Lagos was never a “no man’s land.” It is the ancestral home of the Awori Yoruba people. From the time of our forebears — the children of Olofin — to the thriving Yoruba kingdoms and communities that built this city long before modern Nigeria, Lagos has always been Yoruba land.
You and your people are welcome to live, trade, and prosper here — as millions of Igbos have done peacefully for decades. We Yorubas are hospitable people; that is our culture. But hospitality is not ownership.
No amount of buying properties (which many groups do) changes the fact of indigeneity. Under the Land Use Act, land belongs to the state, but the soul, history, culture, and political identity of Lagos remain Yoruba. We are not “fools” renting our inheritance. We are the landlords of our ancestral home.

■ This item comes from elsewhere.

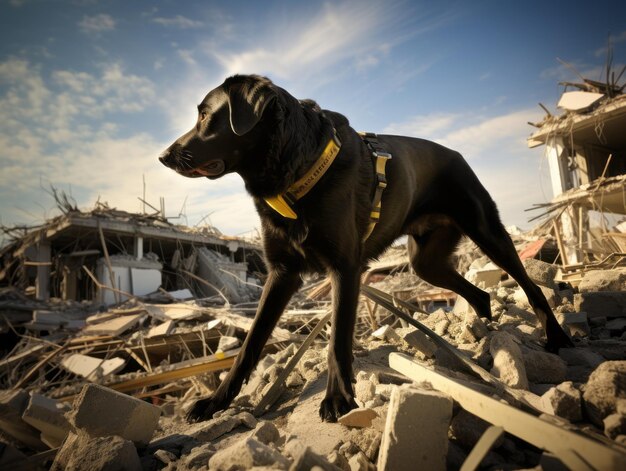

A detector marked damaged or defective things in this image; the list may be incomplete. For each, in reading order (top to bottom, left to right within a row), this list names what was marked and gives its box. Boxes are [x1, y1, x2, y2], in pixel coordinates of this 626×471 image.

broken wood plank [388, 354, 624, 471]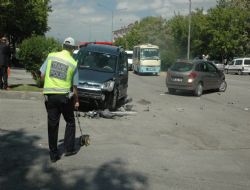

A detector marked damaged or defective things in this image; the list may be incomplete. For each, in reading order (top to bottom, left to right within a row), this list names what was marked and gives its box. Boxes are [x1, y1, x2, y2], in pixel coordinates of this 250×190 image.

damaged black suv [74, 43, 128, 110]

Your statement reeks of arrogance, entitlement, and dangerous tribal supremacy. It fuels division. If Igbos truly “own” Lagos as you boast, why do you not build your own economic capitals in the Southeast to the same level? Why the fixation on claiming what is not yours?
To my Yoruba brothers and sisters:
Let us remain calm but resolute. Protect our heritage. Document our history. Support our own. And reject any narrative that seeks to erase us from our land.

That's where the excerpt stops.